DATA SHOWN:
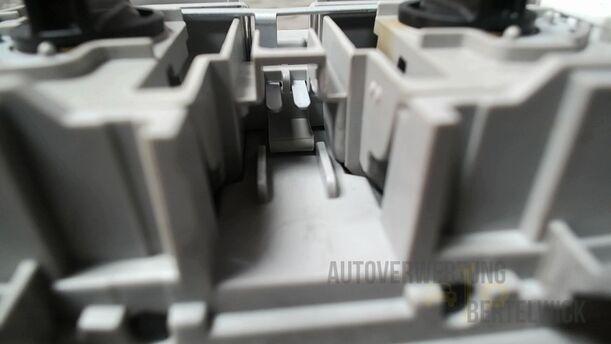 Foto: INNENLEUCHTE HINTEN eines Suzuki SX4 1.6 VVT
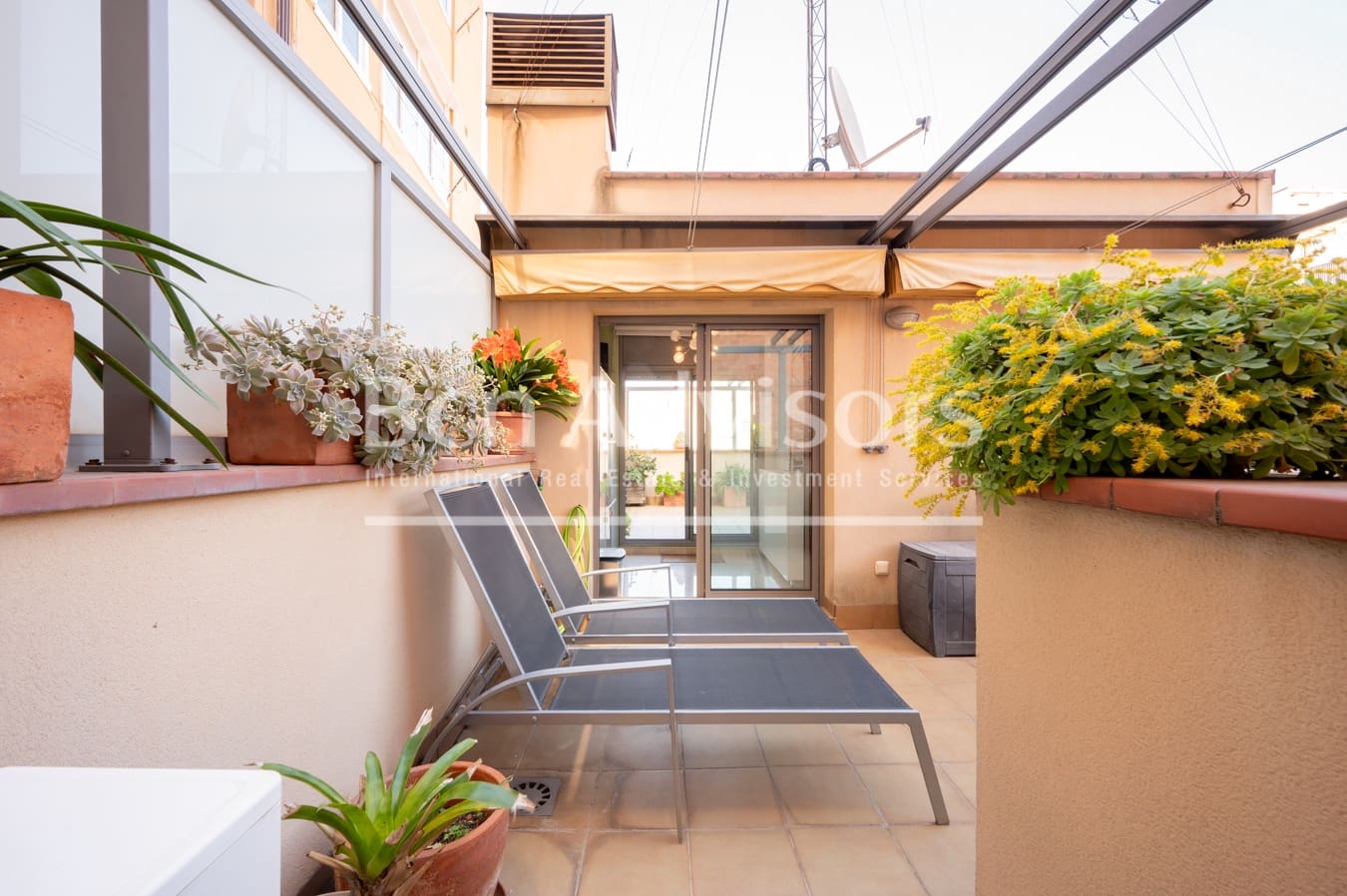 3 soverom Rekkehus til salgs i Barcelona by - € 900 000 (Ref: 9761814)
* * *
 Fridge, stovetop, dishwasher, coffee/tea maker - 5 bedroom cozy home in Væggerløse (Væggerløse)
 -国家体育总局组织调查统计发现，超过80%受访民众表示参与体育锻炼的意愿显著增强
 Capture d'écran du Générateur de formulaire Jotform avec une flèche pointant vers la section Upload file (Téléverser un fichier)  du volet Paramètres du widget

WHAT YOU NEED TO DO: Working from the records above, set down word for word everything from the line containing "Foto: INNENLEUCHTE HINTEN" down to the line containing "3 soverom Rekkehus", ends included, minus the pictures.

ANSWER SPACE:
 Foto: INNENLEUCHTE HINTEN eines Suzuki SX4 1.6 VVT
 3 soverom Rekkehus til salgs i Barcelona by - € 900 000 (Ref: 9761814)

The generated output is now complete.